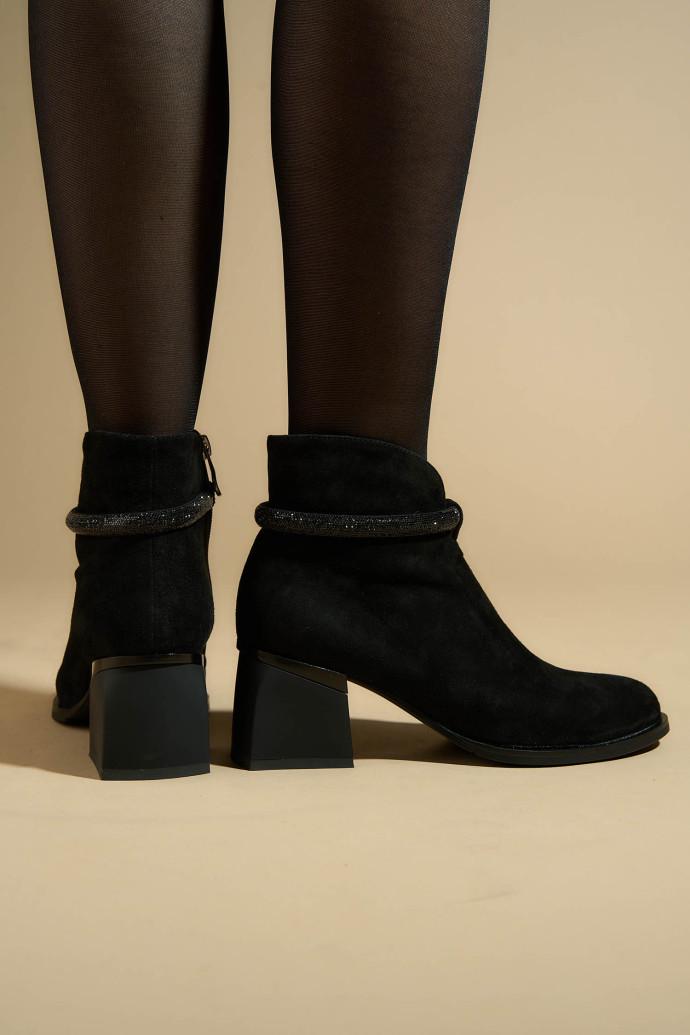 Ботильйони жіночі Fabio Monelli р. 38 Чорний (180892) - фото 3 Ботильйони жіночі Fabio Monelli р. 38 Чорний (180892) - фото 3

───

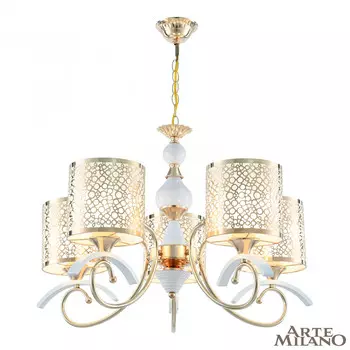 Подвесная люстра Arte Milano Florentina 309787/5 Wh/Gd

───

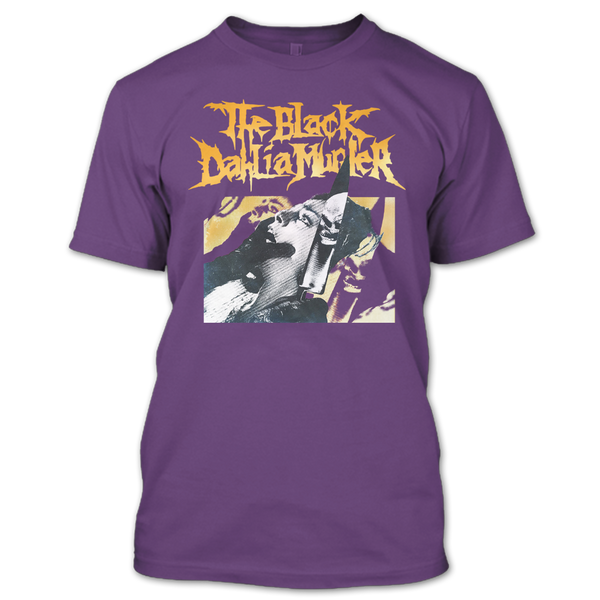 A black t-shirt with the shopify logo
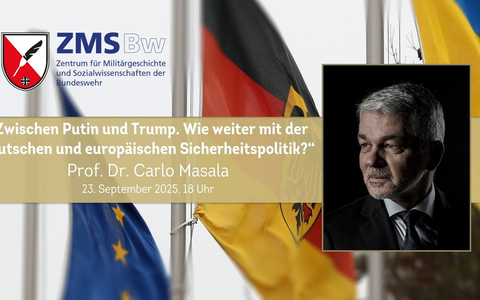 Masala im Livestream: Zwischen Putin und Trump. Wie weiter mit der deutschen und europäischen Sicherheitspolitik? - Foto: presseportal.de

───

_What needs to be done_
Your answer must be the exact lines from the records above, from the one containing "A black t-shirt with the shopify logo" through the one containing "Masala im Livestream: Zwischen", both included, with every picture left out.

_Answer space_
 A black t-shirt with the shopify logo
 Masala im Livestream: Zwischen Putin und Trump. Wie weiter mit der deutschen und europäischen Sicherheitspolitik? - Foto: presseportal.de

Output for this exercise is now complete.